What you need to know:

  • TPA has been touring the landlocked neighbouring countries in noble efforts to more effectively market our seaports

Tanzania – which is on the Indian Ocean coastline – is surrounded by landlocked countries that include Zambia, Malawi, Rwanda, Uganda, Burundi, and, to some extent, DR Congo. The country also has the three major seaports of Dar es Salaam, Tanga and Mtwara, all of which – together with the Mombasa port in next-door Kenya – are used by those countries to handle their imports and exports as a matter of course.

But – and as we reported in these pages on July 1, 2021 – the country has not been benefiting in full or sustainably from the phenomenal potential of its comparative geophysical advantage vis-à-vis its landlocked neighbours. This is especially in terms of transportation logistics.

For example, only about 29.4 percent (5 million tonnes) of all the cargo handled by the country’s largest seaport, Dar es Salaam (17 million tonnes), was from, or to, its landlocked neighbouring countries in 2020 – the rest being domestic imports and exports.

Commenting on this unsatisfactory state of affairs during the 12th meeting of the Tanzania National Business Council at the State House in Dar es Salaam in June 2021, the Tanzania Ports Authority Director General, Mr Eric Hamissi, pledged to “strengthen TPA presence in the landlocked countries in efforts to bolster businesses … We will bolster relationships management by embracing the ‘Customer is King’ approach”.

But, for starters, he said, the government was “improving the port facilities and services to boost the cargo tonnages handled annually from the current 17.8 to 30 million in the next two years” – doing so under the Sh336.4 billion Dar es Salaam Marine Gateway Project.

True to the DG’s pledge, TPA has been touring the landlocked neighbouring countries in noble efforts to more effectively market our seaports. This is à la the dictum “If the mountain (read ‘customers’) won’t come to Mohammed, then Mohammed must go to the mountain”.

Kudos, TPA, for doing exactly that.


Last Saturday, Tanzania took centre-stage at the ongoing World Expo Dubai 2020 when President Samia Suluhu Hassan had the opportunity to formally address exhibitors, officials, show-goers and other stakeholders. These included prospective foreign direct investors (FDIs) for the United Republic.

That was also when the President had discussions with the Dubai ruler, Sheikh Mohammed bin Rashid Al Maktoum, who is also the Vice President-cum-Prime Minister of the United Arab Emirates.

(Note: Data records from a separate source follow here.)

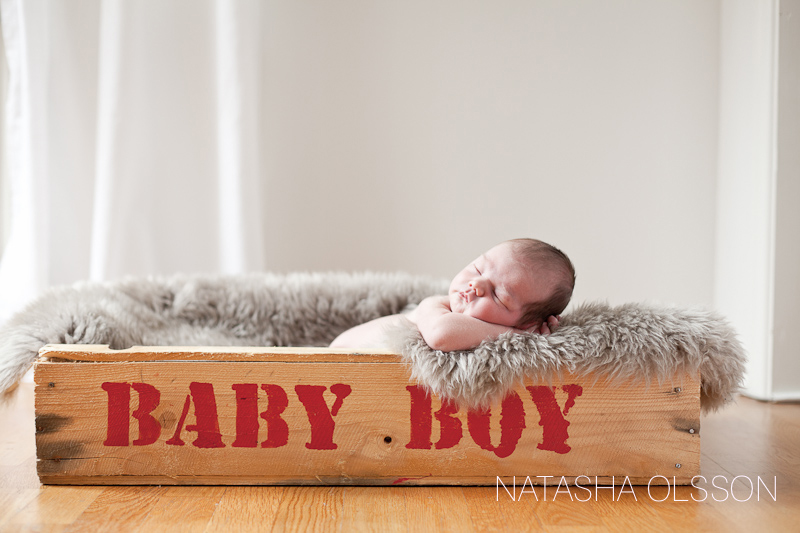 Newborn photographer gothenburg, bebis, nyfödd, barn fotograf göteborg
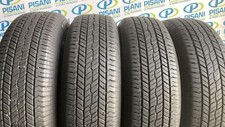Gomme usate 215 usato  Roccabernarda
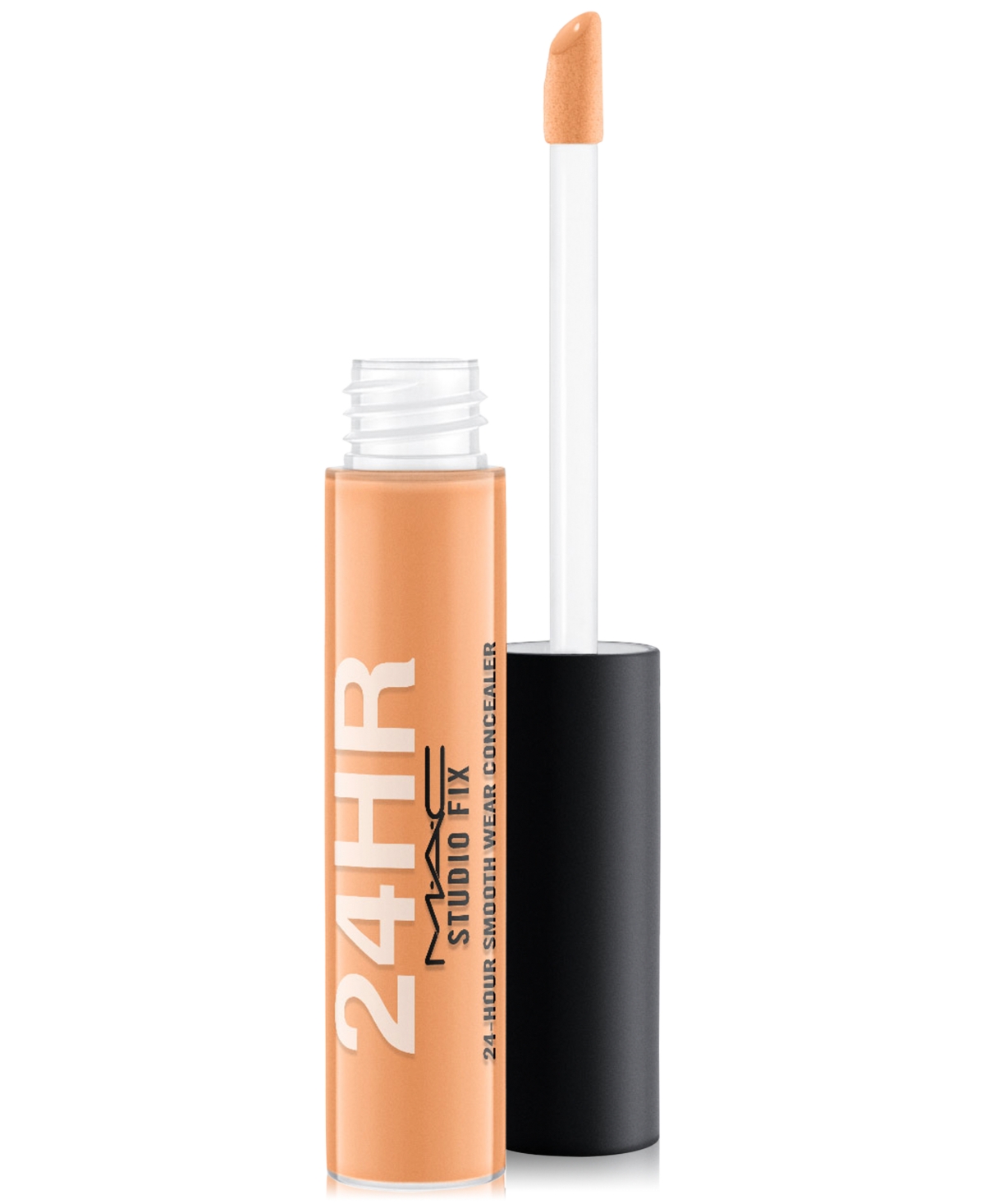 MAC STUDIO FIX 24-HOUR SMOOTH WEAR CONCEALER, 0.23-OZ. 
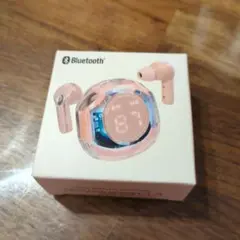 2025年最新】レボリューション イヤホンの人気アイテム - メルカリ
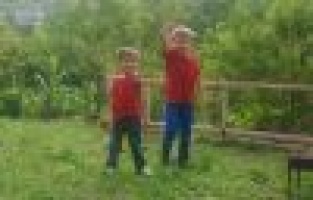 Adıyaman'da duvar çöktü: 1 ölü, 1 yaralı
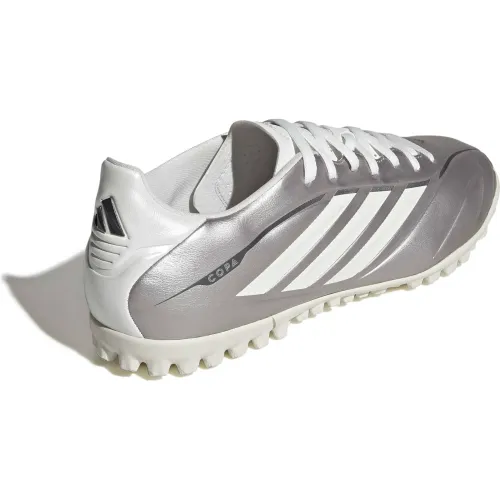 adidas Zapatillas De Futbol Unisex Copa Pure Iv Club Tf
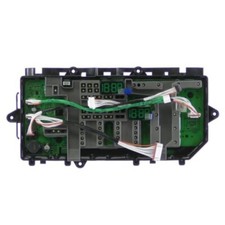 Dc92 01988a oem for sale  San Ramon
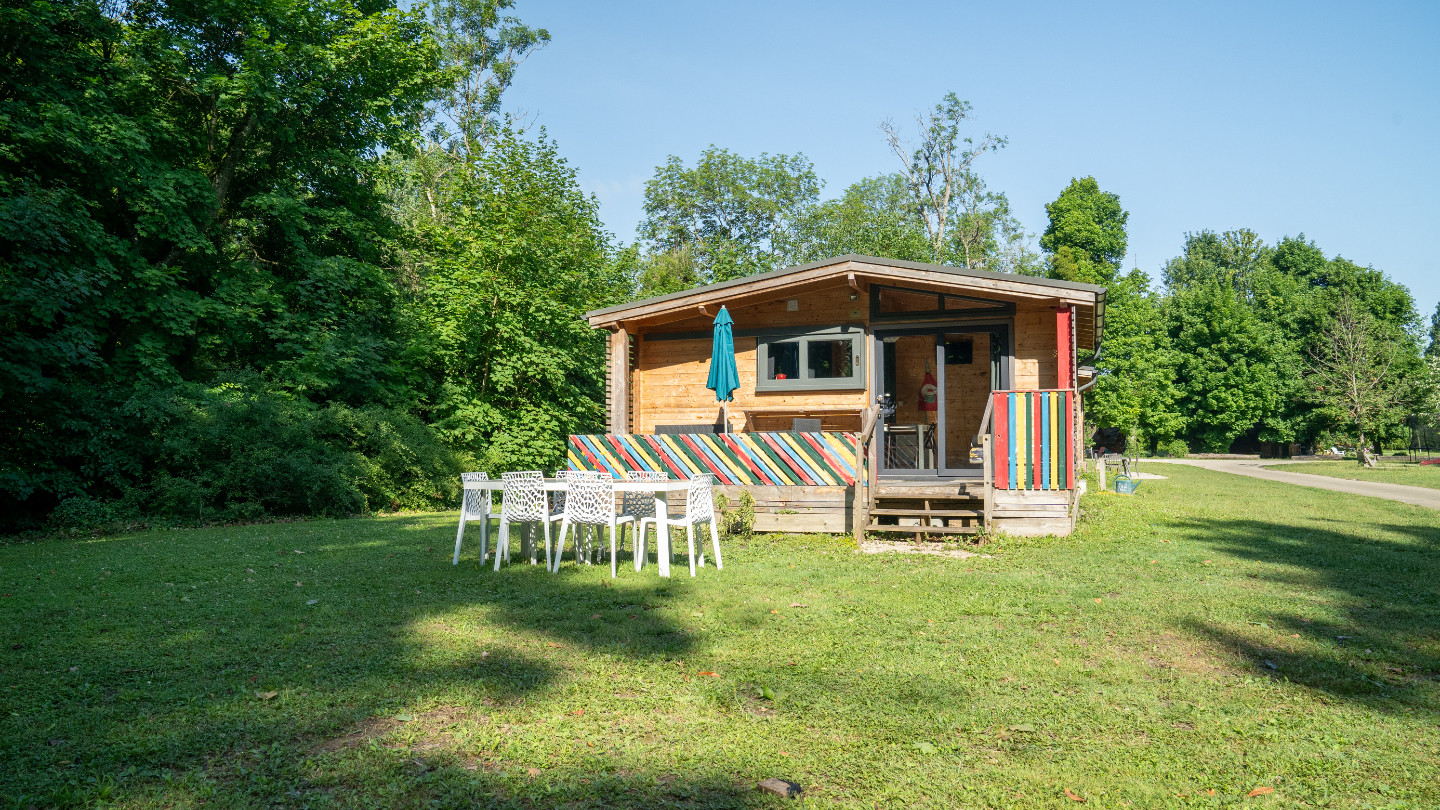 orderedImageAlt_accommodation_default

The organisers “dedicated Sunday, February 27, 2022, as the Day for Tanzania” to promote its products and other economic development opportunities at the Expo that commenced on October 1, 2021, and ends on March 31, 2022.

In that regard, Tanzania is “well-organised” to continue utilizing the Expo, partly by hosting a ‘Tanzania Energy Symposium’ yesterday with the theme ‘Promoting Tanzania as East Africa’s Energy Hub.’ The Symposium brought together potential investors and financiers from across the world, as well as representatives from relevant Tanzanian investment institutions, including TanTrade and TIC.

President Hassan took the Dubai Expo 20 opportunity to once again portray to the world the country’s positive image as the preferred investment destination in this day and age of stiff competition mostly based on exaggerations and false propaganda.